昨日、9月21日は横浜銀蝿がデビューしてから35周年という事と、リーダーの嵐さんが、今年還暦を迎えたという事で、それを記念したベストアルバムが発売された。

その発売記念イベントが横浜銀蝿のバンド名に因んでか、横浜のタワーレコードで行われるというので、仕事明け2時間くらい寝た後、行って来ました横浜ー音符
ひとりだというのと、休日という事から駅の周りの混雑を予想して車じゃなく、電車に揺られて行きました。
ただでさえ人混みが嫌いで、カワイイ女の子からのお誘い以外には出無精なオレなのに、自分で電車に乗ったの何年ぶりだろう?

数年前に電車に乗ったのも都内までだったし、それより先に電車で行ったのは10年以上前だなあ。

車で横浜に行っても、横浜というところは、遊んだり観るところは横浜駅の周りにはなく、隣の駅だったり、ちょっと離れたところにあるから横浜駅に近づく事はまずないんだよね。

そんな横浜駅に降りたって、タワーレコードまでは5分ほど歩く。
オレが大っ嫌いな人混みの中を六角橋の方へとぶらぶら歩きながら周りを見ていると、ショッピングビルとビジネスビルが混在してる、都会なのに変わった街づくりになっている。
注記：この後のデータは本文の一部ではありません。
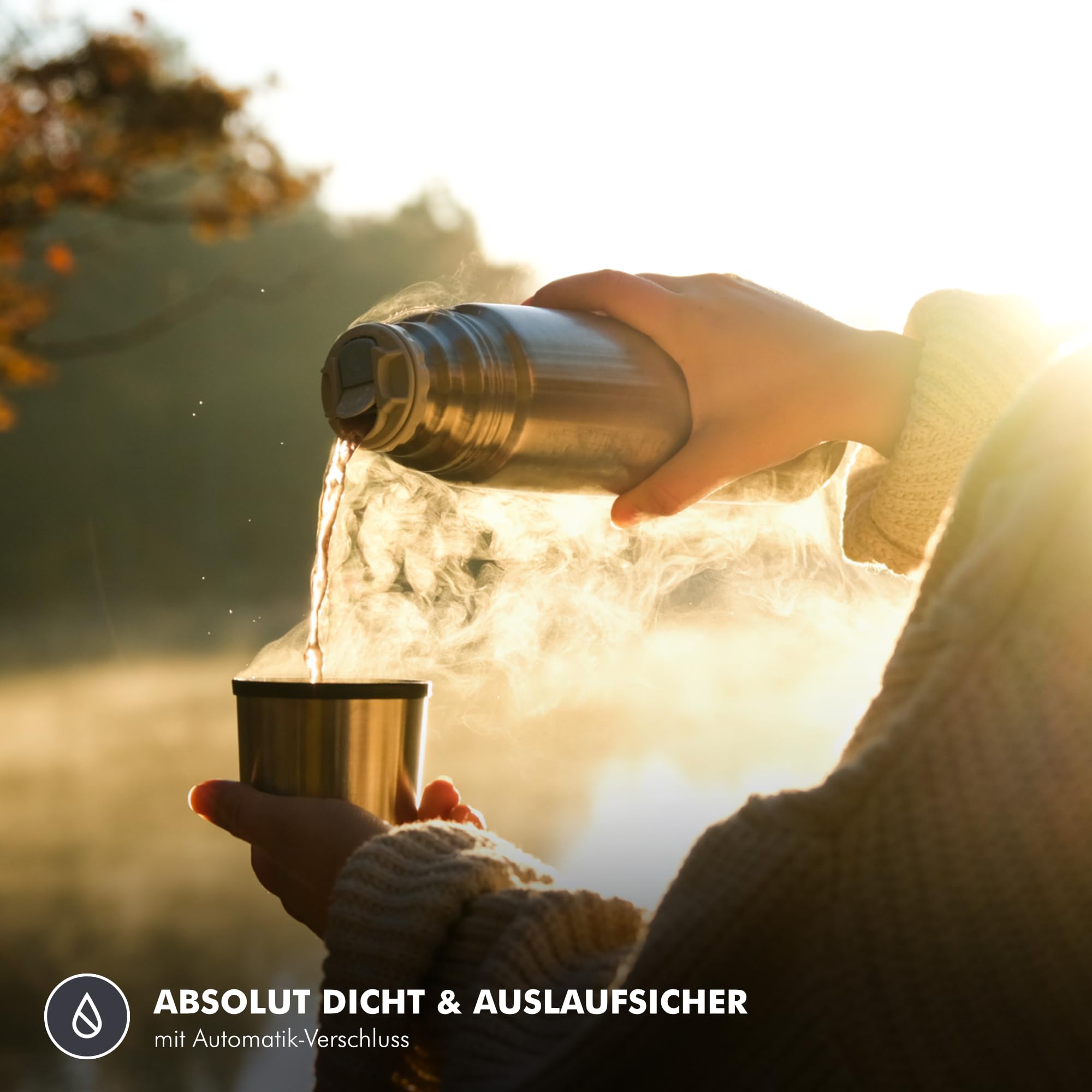 THERMOS LIGHT & COMPACT Thermosflasche 1,00 l, 24 h heiß, stone grey | 24 h kalt, mit Trinkbecher, absolut dicht, zerlegbarer Automatikverschluss, Edelstahl-Isolierflasche, grau glänzend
こういう時に限って写真に撮らず、ブログを書きはじめてから、「しまったー」とか思うんだよね(苦笑)

会場に着いて、まずはCDを買う。
これを買わないと、イベント後のサイン会に参加できないからね。

午後2時。
ざっと見た感じだけど、70人以上のフアンが集まる中、いよいよイベントスタート。
集まったフアンの年齢層はやっぱり高く、若い年代の子はほとんどいなかったのが残念。

それでも、くたびれた感じのおっさんやおばさん達じゃなく、いいトシしても髪をリーゼントにしてる兄ちゃんだったり、シャレた服がいまだに似合うお姉さんという感じの人が集まってた。

進行役は、不慣れなせいかカミカミで、あまり役に立ってないバイトくん。

これにたいして銀蝿メンバーはさすがプロ。
慣れた感じで進行していく。
今回のイベント、自分にとって新しかったのは、こういうイベントにはメンバーだけが来ていたのに、今回はサポートメンバーも参加していた事。

オリジナルメンバーではないが、ひとりは、ライブでは参加してないJohnnyの代わりにギターを弾き、もうひとりはドラムを叩けない嵐さんの代わりにドラムを叩いてる、今では本来の担当以上に上手くなってる人達だと思う。

このふたりもイベント初参加という事で、ライブでもほとんどしゃべらないから話す事に不慣れなせいか、メンバーに話を振られると緊張してるのが伝わってくる。(笑)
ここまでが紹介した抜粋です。